Saudi royal family members arrested for protesting end of entitlements
Changing times. A man shops for mangoes at a fruit market in the Saudi city of Taif. (AFP)
2018/01/14 Issue: 139 Page: 5
London- Eleven Saudi princes were arrested after protesting a royal decree terminating government payment of their utility bills, the kingdom’s attorney general said.
The princes, gathering at the Qasr al-Hokm Palace in Riyadh, demanded the decree be reversed.
“Despite being informed that their demands are not lawful, the 11 princes refused to leave the area, disrupting public peace and order,” said a statement by the public prosecutor.
The kingdom recently raised fuel prices and introduced a 5% value added tax (VAT) as part of its Vision 2030 economic reform programme. While many Saudis voiced displeasure over the price hikes, the princes’ protest marked the first act of civil disobedience.
Saudi state-regulated media carried news of the arrests but did not give the names of those involved. International media outlets, however, reported that sons of Prince Sultan bin Mohammed al-Kabeer, founder and chairman of Almarai Company, the region’s biggest dairy company, were among those arrested.
Besides calling for the government to reinstate benefits, the princes demanded compensation for the 2016 execution of a cousin, Prince Turki bin Saud al-Kabeer, who pleaded guilty to murder in 2012.
The fallout from the arrests did not end there, however. Days later, Prince Abdullah bin Saud bin Mohammed was dismissed as head of the Saudi Maritime Sports Federation after a 6-minute audio clip of him criticising the arrests was posted online. In the recording, Prince Abdullah was heard saying the princes were arrested on “false” and “illogical” accusations.

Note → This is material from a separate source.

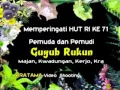 Download Lagu NITA SAVANA Terminal giwangan (reggae) live majan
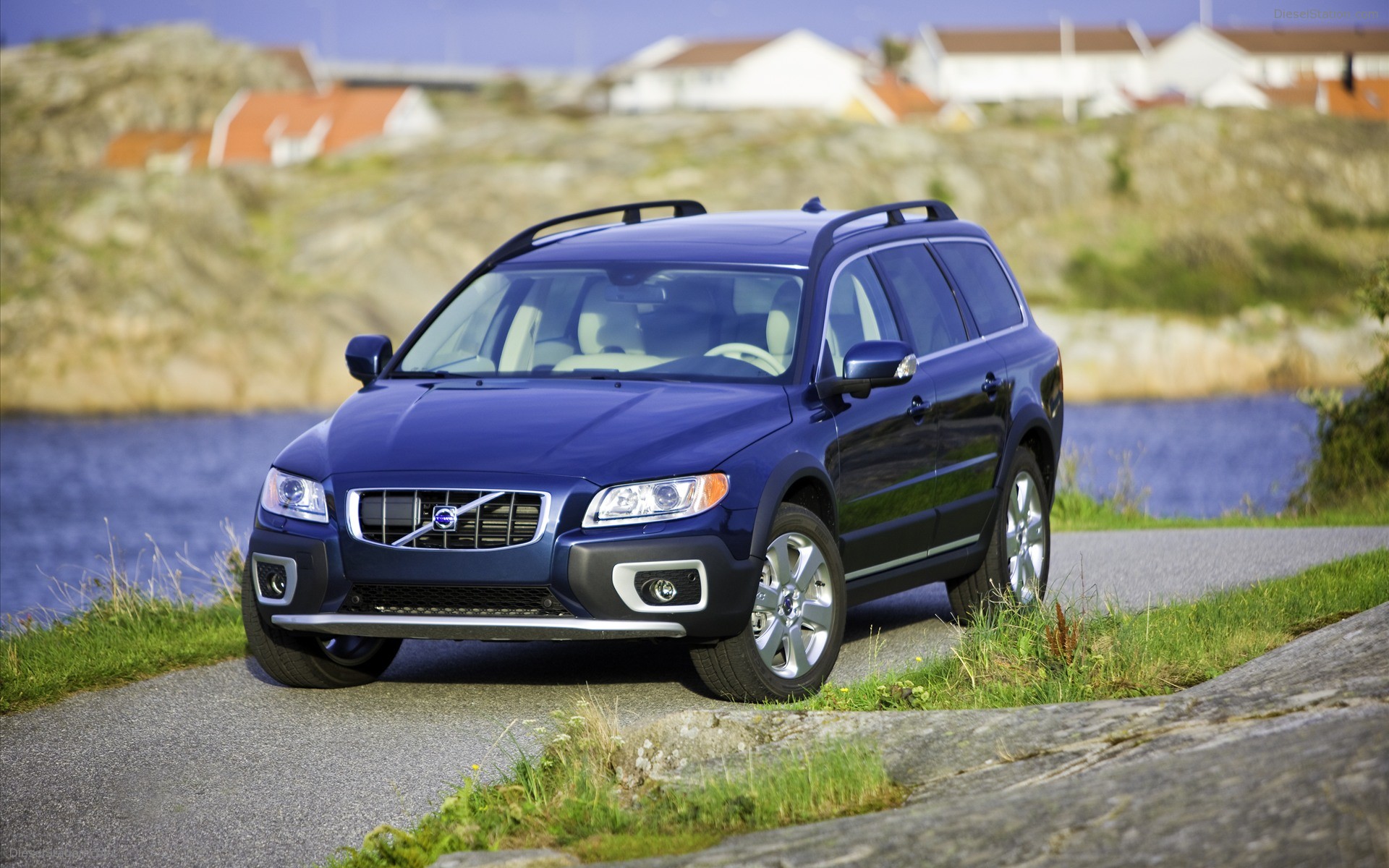 Volvo XC70 2009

With oil prices declining and its youth population growing, Saudi Arabia is in the process of implementing Vision 2030, which aims to wean the kingdom’s economy off its oil dependency while creating jobs, stimulating the private sector and modernising the country.
To push that agenda forward, Saudi Arabia has sought to deal with lingering issues of corruption. Last November, more than 200 prominent Saudi figures, including members of the royal family, current and former ministers and wealthy businessmen were detained in an anti-corruption campaign.
While those arrested in November were held at the glitzy Ritz-Carlton Hotel, the 11 princes involved in the palace protest were sent to the maximum-security al-Ha’ir Prison south of Riyadh.
Less than a week after introducing its VAT, Saudi King Salman bin Abdulaziz Al Saud ordered allowances to “soften the effect of economic reforms on Saudi households.”
The king ordered bonuses for civil and military employees and issued directives ensuring the state would bear VAT-related costs for Saudis who benefit from private health services and private education.
The king ordered the Saudi central bank to ensure that banks do not change cost-of-living allowances and bonuses ordered in the decree and not deduct from the allowances and bonuses for repayment of personal loans and other financial obligations.
This is not the first time the kingdom has had to impose austerity measures. In September 2016, state benefits were cut but were restored seven months later.
Many Saudis lauded the recent royal decrees but some questioned their long-term effect. Economic matters remain unchanged for expatriates, which some say could result in a mass exodus at a time when the kingdom is trying to open more to both tourism and investment.